İşte bu imtihanlar silsilesi içinde önemli bir imtihan da, insanların birbiriyle olan imtihanlarıdır. Bu kabîl imtihanlarda bazen kaybeder ve olumsuz sonuçlarla karşılaşabiliriz. Bu kayıplar bazen mizaçlarla, meşreplerle, bazen de Üstad’ın, “Umur-u hayriyenin çok muzır mânileri olur.” dediği gibi, şeytanlardan kaynaklanabilir. Müslümanları, şeytanların musallat olduğu kişiler olarak tavsif etmekten hicap ederim; ancak gerçek olan şu ki, hepimiz insanız ve birer nefis taşımaktayız.
Nitekim, Allah Resûlü (sallallâhu aleyhi ve sellem), bir hadis-i şeriflerinde: “Herkesin nefsi vardır. Benim de nefsim var…” buyurur. Bundan sonra artık isterse insanlar, bizim nefsimiz veya mahiyetimizde şeytanın oklarına hedef olabilecek lümme-i şeytaniye diye bir mekanizma yok desinler!. Bunlar hiçbir şey ifade etmez. Kaldı ki, hadisin devamında Allah Resûlü (sallallâhu aleyhi ve sellem), uzun zaman onunla mücadele edip onu hizaya getirdiğini ve neticede kendisine teslim olduğunu bildirir.
Dünyada kim bilir daha nice insanların nefis ve şeytanı kendilerine teslim olmuştur. Ama, şu da bir gerçek ki bu, kat’iyen bir anda olmamıştır. Tasavvufî bir üslûpla ifade edecek olursak bu, kademe kademe, nefs-i emmareden nefs-i levvameye, ondan nefs-i mülhemeye, nefs-i mutmainneye, nefs-i râdiyeye (Allah’tan hoşnut olma mertebesi), nefs-i mardiyyeye (Allah’ın hoşnutluğuna erme) ulaşmışlar.. ve daha sonra da sâfiye, yani enbiyâ-i izâm ve asfiyânın nefislerine yakın müstesna nefisler mertebesine yükselmişler ve neticede öyle bir noktaya gelmişler ki, artık ondan öte nefisleri kendilerine her zaman iyilikle emreder olmuştur…
Buradan hareketle, herkesin daha baştan bir nefse sahip olduğunu kabullenmesi gerekir.

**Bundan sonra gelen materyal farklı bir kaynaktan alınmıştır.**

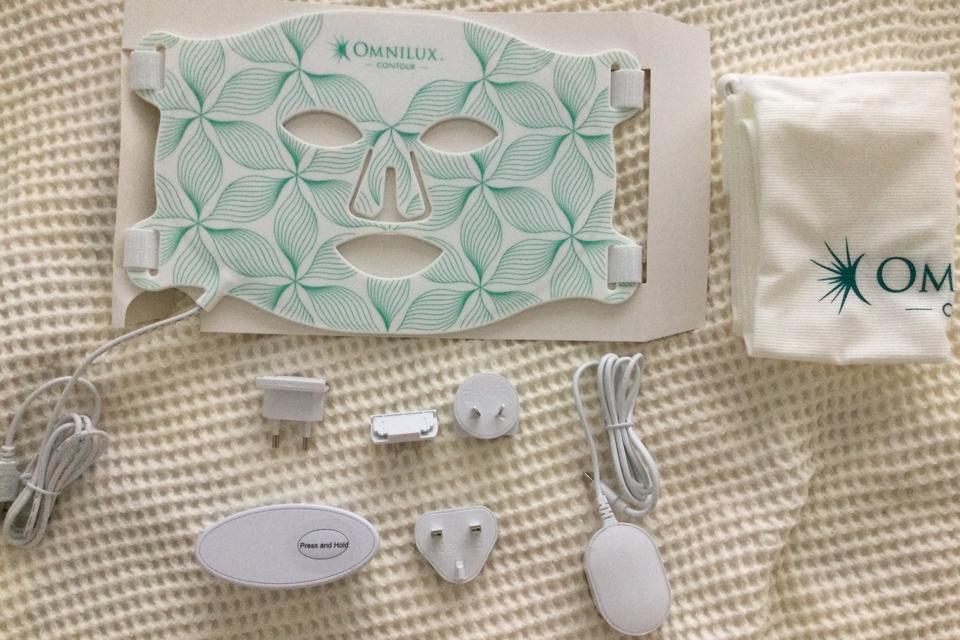 Omnilux Contour Face mask and assorted accessories against white bedspread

Bu onun ömrünün sonuna kadar imtihan olacağını kabullenmesi de demektir. Böyle bir kabul bize şunu ifade eder: İnsanların birbirine düşmesi, birbiriyle uğraşması için bu kadar çok sebep ve faktör olduğuna göre, evvelâ bu işi beşeriyetin icabı olarak kabul etmekte yarar var. Bizler beşeriz; nasıl bizim doğup büyümemiz, büyüyüp yaşlanmamız, yaşlanıp çürük bir enkaz gibi çökmemiz; sonra da kendi enkazımız altında kalarak unutulup gitmemiz bizim için fıtrî ve tabiî bir yol; öyle de, birbirimizle çekişmeye, hırgür etmeye müsait bir fıtratta yaratılmış olmamız da, bizim tabiat ve fıtratımızın gereğidir.

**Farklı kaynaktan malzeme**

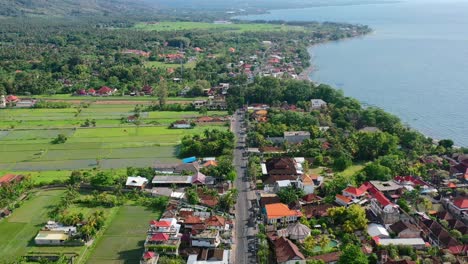 aerial-panoramic-view-of-road-on-Lovina-coastline-in-Bali-Indonesia-with-beautiful-ocean-on-sunny-day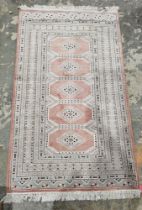 Silk cream ground rug with five central lozenges enclosed by octagonal medallions, multiple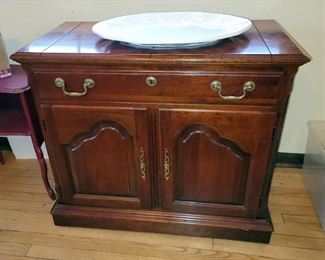 matching Pennsylvania House buffet cabinet with heat tempered suface
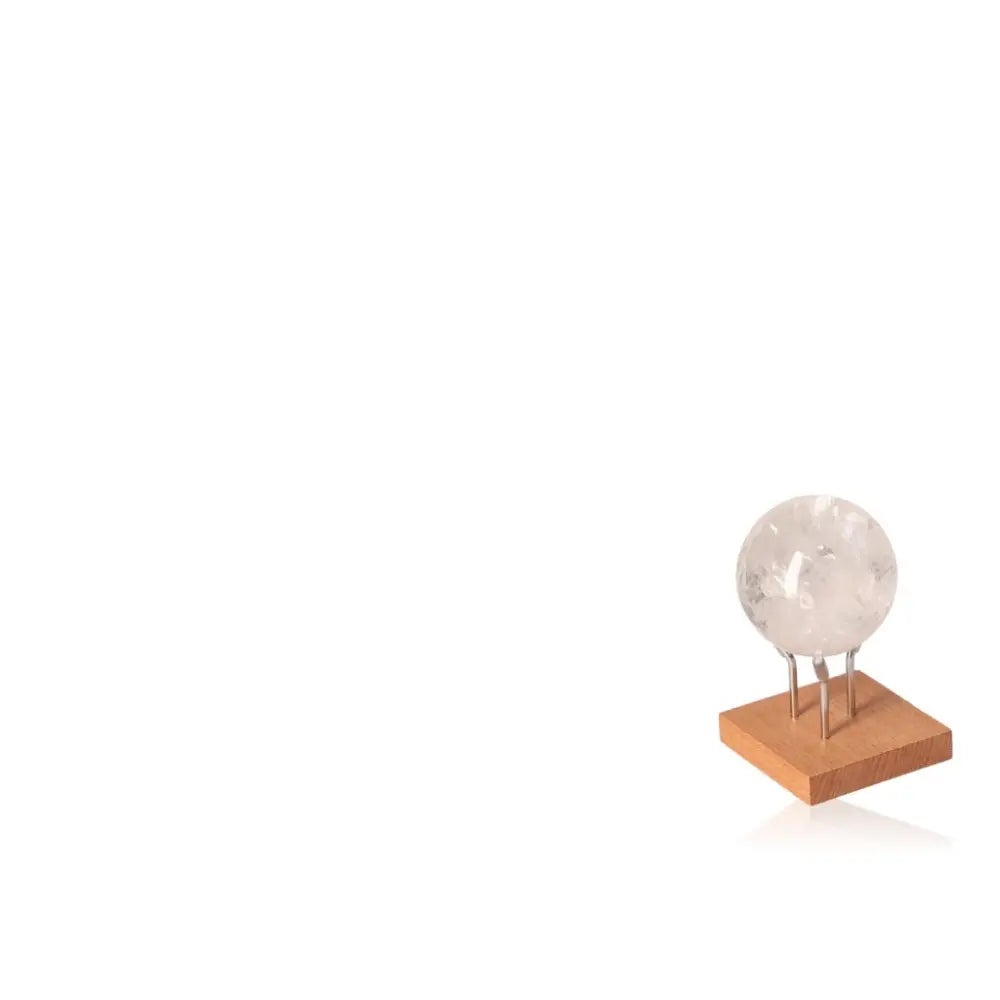Elegant Lemurian Quartz Sphere on a wooden stand, embodying spiritual depth and tranquility from Sylvia Crystals.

Ne var ki bizim için her zaman bu tür duyguları hayra çevirmek de mümkündür.. ve bize düşen de işte bunu yapmaktır. Biraz daha açalım; meselâ bir insan, kendi mahiyetine yerleştirilen şehvet hissi sayesinde veli olabilir.. evet o insan eğer üzerindeki şehevânî istek ve arzuları karşısında namus ve iffetini kemal-i hassasiyetle koruyabiliyorsa, aynı durumda olmayan başka birinin bin rekât namazla ulaşamayacağı seviyelere ulaşır. Çünkü bu kimse, o kadar şehvetle donatılmış olmasına rağmen, nefsini frenleyip onu zapturapt altına alabiliyor. Evet, tehlikenin buudları nispetinde mükâfat söz konusudur. Hatta bazen böyle birinin terakkisi o kadar hızlı, o kadar amudî olur ki, başkaları vilâyet yolunda kat’iyen ona yetişemezler.

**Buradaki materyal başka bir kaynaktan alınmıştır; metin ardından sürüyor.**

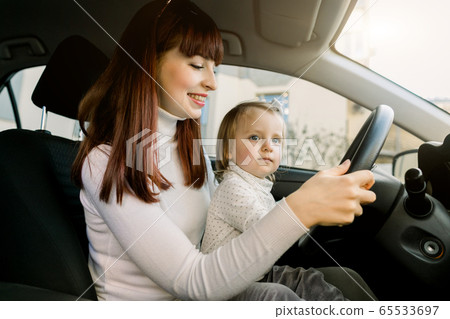 Mother with little baby girl sitting in front seat and driving car together. Child in danger, no safety on the road 65533697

Bu hususa bir şey daha ilave etmek istiyorum. Meselâ, bazı insanların hemcinslerine karşı fıtratlarında fazla bir temayül vardır. Eğer o insan bir hayat boyu o temayülünü gemleyip meşru dairede kalabilse o öyle bir yükselir ki, hiçbir kimsenin buna yetişmesi mümkün olamaz. Görüldüğü gibi şehvet başlangıçta öldürücü bir ağ iken irademizin hakkını verme sayesinde insanı yükselten nurdan bir helezon hâline gelebilmektedir.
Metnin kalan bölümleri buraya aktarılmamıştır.